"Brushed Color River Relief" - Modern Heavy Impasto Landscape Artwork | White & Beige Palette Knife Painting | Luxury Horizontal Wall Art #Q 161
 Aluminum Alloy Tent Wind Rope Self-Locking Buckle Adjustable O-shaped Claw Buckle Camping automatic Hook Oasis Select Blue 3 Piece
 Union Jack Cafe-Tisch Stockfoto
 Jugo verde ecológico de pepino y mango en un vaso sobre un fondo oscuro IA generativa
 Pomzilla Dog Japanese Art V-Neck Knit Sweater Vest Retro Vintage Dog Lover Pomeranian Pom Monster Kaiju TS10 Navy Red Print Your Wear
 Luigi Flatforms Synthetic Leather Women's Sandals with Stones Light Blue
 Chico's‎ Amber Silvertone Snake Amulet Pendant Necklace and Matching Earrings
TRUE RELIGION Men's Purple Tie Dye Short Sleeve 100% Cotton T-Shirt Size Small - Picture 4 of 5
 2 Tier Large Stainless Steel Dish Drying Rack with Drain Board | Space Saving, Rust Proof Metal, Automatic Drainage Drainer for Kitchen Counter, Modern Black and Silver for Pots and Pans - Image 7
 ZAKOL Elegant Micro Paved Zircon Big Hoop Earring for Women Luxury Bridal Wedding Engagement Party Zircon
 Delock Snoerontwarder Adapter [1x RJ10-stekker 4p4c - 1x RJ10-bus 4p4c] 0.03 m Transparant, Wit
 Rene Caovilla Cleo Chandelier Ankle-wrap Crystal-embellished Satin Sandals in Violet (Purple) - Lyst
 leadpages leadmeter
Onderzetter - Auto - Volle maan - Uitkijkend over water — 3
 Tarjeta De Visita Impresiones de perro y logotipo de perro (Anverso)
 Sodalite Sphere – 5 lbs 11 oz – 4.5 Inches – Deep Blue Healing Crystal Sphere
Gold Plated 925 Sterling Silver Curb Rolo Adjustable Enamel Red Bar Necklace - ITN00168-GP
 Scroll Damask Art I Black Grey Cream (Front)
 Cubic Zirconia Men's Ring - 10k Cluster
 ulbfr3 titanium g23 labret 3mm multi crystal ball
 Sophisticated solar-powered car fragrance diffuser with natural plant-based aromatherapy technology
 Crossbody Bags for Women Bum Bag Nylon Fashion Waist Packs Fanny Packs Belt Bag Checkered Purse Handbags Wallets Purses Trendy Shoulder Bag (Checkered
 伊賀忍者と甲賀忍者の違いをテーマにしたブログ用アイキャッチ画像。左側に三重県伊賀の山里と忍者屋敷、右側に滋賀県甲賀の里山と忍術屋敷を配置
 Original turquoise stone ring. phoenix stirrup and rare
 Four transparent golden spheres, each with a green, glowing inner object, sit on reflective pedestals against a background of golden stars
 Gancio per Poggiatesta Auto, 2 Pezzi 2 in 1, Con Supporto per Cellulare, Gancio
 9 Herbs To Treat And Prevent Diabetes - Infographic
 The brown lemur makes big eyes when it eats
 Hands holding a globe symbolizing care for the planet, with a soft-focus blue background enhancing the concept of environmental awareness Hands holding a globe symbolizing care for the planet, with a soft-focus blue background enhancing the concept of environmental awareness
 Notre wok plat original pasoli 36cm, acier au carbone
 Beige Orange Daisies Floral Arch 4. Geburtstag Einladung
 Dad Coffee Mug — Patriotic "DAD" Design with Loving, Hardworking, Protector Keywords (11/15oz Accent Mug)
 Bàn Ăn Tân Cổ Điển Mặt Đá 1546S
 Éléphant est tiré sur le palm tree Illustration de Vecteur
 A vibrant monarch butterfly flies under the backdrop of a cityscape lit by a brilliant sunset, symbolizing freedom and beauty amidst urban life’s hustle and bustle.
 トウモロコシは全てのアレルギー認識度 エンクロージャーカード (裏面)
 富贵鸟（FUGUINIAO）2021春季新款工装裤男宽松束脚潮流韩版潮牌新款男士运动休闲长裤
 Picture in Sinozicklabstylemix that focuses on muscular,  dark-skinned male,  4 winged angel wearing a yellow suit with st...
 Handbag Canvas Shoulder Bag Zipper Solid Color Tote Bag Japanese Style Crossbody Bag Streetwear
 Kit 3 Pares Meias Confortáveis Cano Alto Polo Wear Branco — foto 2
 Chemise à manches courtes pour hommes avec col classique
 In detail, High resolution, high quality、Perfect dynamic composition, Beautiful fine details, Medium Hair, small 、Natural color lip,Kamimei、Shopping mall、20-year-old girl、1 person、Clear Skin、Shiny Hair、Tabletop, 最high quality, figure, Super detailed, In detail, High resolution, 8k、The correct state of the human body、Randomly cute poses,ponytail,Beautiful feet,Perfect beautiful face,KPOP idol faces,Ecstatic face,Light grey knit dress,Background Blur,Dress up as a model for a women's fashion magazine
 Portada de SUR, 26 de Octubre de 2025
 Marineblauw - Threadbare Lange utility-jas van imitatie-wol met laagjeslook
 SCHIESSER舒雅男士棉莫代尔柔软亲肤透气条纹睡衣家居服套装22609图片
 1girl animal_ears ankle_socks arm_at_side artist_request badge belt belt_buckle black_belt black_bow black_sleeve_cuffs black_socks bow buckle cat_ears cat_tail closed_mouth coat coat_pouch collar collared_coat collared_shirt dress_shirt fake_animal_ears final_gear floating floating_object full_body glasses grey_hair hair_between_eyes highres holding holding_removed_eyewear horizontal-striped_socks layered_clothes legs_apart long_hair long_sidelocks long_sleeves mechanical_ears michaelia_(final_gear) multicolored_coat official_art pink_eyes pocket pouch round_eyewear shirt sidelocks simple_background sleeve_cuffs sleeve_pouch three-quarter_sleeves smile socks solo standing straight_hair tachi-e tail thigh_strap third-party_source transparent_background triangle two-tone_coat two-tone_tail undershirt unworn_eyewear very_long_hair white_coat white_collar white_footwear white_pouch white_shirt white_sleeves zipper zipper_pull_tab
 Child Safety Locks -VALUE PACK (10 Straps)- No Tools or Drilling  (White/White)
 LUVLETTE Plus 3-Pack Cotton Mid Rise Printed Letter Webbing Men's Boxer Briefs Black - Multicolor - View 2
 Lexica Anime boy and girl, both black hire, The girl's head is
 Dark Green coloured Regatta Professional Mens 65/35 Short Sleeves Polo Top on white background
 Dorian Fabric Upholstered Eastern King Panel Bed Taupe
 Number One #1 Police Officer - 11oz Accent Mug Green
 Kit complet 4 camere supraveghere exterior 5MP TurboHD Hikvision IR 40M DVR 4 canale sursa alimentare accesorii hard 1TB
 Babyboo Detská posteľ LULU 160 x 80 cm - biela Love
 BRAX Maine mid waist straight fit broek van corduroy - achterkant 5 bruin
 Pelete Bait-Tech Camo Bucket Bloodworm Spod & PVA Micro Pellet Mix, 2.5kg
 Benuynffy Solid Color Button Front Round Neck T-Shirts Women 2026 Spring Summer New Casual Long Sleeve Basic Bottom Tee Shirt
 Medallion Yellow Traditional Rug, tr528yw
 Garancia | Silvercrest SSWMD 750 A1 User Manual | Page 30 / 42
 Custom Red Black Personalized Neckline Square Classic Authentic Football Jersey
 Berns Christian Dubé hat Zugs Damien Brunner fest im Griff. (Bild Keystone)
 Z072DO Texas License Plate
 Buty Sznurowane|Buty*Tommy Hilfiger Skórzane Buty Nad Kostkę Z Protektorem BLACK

——

WHAT TO DO
From the material above, copy every line that has the word "Short" in it.

ANSWER SECTION
TRUE RELIGION Men's Purple Tie Dye Short Sleeve 100% Cotton T-Shirt Size Small - Picture 4 of 5
 Dark Green coloured Regatta Professional Mens 65/35 Short Sleeves Polo Top on white background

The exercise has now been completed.